Let There Be Light…

29th November 2008

Geraint Jones gets ready for the festive season

We humans are a tropical species. We evolved in Africa and we're not meant to live in such advanced northern latitudes where at this time of year the days become little more than brief, murky interludes between hour upon hour of darkness.

As the old year begins to droop and drowse, and people batten down the hatches for the onset of winter, spring seems no more than a faint pin-prick of light at the end of a long, dark tunnel and it is easy to let it all get you down.

Yet in the very depths of winter, when the sun seems barely to climb above the horizon, there is fun and feasting to enjoy, bright lights and merry-making to chase away the worst of this depressing time of year. And when the fun is finished, the days have already begun to lengthen again, a sure sign that spring and all its glories are not too far away.
If office-bound commuters struggling through the murk of the winter mornings, or children lugging heavy bags to school in the wind and rain take comfort in the coming of Christmas for this reason, it is not surprising. Mankind has celebrated at mid-winter for thousands of years.

The Christmas festivities are one way of coping with the miseries of the northern winter, a way of sticking two fingers up to the elements. Above all, they are a celebration of light in the darkness, or the expectation of rebirth amid the barren landscape of mid-winter. And despite the miracles of modern technology, which bestow light and heat upon us any time of the day or night at the flick of a switch, that ancient need to strike a blow against the night remains with us. How else does one explain the modern phenomenon of Christmas lights?
Be aware that I am not referring to festive lights as once they were, a rather dainty and unreliable chain of coloured bulbs wrapped around the Christmas tree or adorning a mantelpiece or window frame…

Oh no, things have moved along apace since then. Now we have displays which would not look out of place at the London Palladium. Somehow, over the last few years, we Britons have made the transition from fairy lights to floodlights, from decorating our Christmas tree to adorning our whole home and garden. Walk down just about any street over the next couple of weeks and you will see what I mean.

Christmas tableaux will be played out in lights on thousands of buildings up and down the country. Houses, gardens, garages, gazebos – and even garden gnomes – will all get the treatment, being adorned with lights of every kind of size, shape, colour and intensity. There will be illuminated snowmen, Santa Clauses, reindeer, sleighs, elves and, if you look hard enough, there might even be a few brightly lit nativity scenes.

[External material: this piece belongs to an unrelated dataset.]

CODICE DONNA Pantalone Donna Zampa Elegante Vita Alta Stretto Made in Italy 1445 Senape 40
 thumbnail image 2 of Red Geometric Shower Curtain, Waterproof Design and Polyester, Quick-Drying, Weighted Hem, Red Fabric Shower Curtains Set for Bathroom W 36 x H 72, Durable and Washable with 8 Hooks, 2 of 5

Of course there are many who sneer, who regard these displays as vulgar ostentation, who yearn maybe for a more traditional Christmas of holly, ivy, mistletoe and mulled wine. Yet for all the hi-tech brashness, it is difficult to be too unkind about the contribution these offerings make to the festive experience.

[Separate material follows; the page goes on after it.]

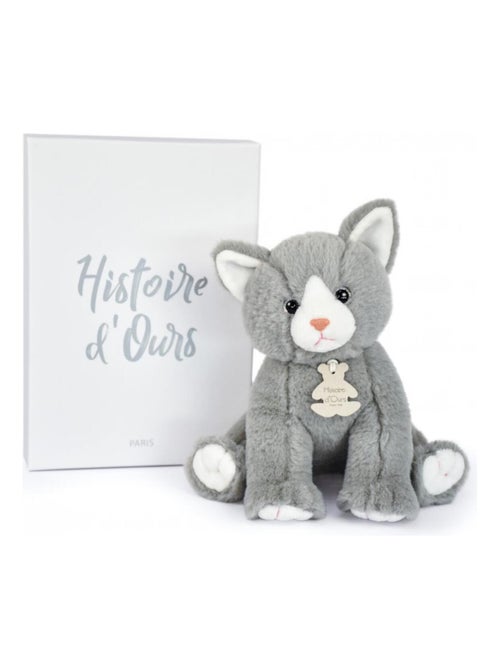 Coffret peluche Bébé chat gris perle (18 cm) - Kiabi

The first question that springs to mind is: why? Why go to all the time, trouble and expense of decorating the outside of your house when you spend just about all your time inside it?

Scrooge might argue that this can be nothing else but vanity – conspicuous consumption, in modern parlance… a desire to demonstrate to the world that you can put on a show and that that money is less important than entering into the spirit of the occasion.
Or maybe it is that very spirit which is important? Perhaps it is a hugely unselfish act? For most of the time the very people who erect these behemoths do not get to enjoy them because they are indoors, snuggling up to the central heating radiators while winter rages outside. The display can only, therefore, be for the benefit of passers-by, those who have to be out in the cold and dark. The lights exist to spread a message of good cheer and conviviality.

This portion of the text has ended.